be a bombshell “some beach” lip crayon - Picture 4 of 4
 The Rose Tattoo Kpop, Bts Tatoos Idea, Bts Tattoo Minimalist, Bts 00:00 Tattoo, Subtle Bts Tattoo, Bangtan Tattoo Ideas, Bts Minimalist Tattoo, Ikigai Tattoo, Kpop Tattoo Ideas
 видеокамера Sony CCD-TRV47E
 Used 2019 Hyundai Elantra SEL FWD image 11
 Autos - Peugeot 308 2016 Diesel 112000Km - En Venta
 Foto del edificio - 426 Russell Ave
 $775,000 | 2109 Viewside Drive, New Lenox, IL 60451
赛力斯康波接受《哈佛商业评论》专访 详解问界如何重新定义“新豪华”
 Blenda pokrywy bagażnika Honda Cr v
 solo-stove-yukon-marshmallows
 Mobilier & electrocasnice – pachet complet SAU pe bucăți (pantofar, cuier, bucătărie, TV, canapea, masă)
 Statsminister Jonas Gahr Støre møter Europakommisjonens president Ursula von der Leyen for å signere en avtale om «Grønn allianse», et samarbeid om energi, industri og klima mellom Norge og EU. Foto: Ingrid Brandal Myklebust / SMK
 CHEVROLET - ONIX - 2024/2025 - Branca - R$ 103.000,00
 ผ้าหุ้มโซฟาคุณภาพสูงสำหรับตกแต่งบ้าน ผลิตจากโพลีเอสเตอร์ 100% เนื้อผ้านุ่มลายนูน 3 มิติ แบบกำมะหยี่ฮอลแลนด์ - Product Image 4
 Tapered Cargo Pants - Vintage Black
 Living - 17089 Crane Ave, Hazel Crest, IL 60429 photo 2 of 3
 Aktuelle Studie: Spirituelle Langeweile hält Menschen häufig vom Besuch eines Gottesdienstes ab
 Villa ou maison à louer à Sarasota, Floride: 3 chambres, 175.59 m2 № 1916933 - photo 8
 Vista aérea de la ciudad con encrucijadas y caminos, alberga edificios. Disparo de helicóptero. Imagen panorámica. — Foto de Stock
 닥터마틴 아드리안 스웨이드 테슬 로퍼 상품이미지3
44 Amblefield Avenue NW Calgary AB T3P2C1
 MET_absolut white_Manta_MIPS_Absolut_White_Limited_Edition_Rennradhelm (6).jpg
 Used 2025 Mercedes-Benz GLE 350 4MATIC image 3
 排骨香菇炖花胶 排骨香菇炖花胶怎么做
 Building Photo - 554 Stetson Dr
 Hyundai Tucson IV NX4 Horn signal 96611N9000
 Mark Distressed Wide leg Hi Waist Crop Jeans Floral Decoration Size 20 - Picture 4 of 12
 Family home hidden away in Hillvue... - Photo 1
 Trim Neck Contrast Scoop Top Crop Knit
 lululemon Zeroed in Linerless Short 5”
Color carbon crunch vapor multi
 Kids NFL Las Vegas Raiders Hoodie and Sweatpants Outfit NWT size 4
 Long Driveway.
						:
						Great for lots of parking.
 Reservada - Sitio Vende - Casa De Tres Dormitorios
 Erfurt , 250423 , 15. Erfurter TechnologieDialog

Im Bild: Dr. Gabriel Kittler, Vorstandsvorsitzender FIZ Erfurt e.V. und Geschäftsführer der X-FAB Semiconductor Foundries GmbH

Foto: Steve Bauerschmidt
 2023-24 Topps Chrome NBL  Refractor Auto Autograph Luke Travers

────────────────

When a line of the material holds "Used", count it once, and then give the final number alone.

2